▶ _REQUIREMENT_
Go over the entries below line by line, copying each one that contains the word "Black".

* * * *

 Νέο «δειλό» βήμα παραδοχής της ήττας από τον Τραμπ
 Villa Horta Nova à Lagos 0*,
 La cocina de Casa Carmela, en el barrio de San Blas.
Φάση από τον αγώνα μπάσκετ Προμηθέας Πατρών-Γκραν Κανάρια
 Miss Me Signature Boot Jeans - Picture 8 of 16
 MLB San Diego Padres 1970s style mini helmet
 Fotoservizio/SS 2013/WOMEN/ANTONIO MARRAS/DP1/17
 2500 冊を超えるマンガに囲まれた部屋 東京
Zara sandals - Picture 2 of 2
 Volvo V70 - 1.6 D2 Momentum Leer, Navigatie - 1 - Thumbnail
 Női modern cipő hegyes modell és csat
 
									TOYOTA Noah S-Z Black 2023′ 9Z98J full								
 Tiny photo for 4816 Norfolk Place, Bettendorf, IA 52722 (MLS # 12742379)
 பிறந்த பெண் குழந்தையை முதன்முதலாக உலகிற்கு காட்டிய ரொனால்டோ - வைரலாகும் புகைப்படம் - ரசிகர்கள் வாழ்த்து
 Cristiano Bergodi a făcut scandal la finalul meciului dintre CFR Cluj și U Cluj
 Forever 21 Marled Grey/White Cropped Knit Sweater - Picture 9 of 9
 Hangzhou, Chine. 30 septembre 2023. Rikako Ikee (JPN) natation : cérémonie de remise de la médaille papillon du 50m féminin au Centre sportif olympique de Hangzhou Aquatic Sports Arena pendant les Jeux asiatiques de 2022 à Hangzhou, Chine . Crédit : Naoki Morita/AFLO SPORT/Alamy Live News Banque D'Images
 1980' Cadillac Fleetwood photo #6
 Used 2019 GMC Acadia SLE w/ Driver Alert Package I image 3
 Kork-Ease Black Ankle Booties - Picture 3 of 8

* * * *

▶ _SOLUTION TO THE EXERCISE_
									TOYOTA Noah S-Z Black 2023′ 9Z98J full								
 Kork-Ease Black Ankle Booties - Picture 3 of 8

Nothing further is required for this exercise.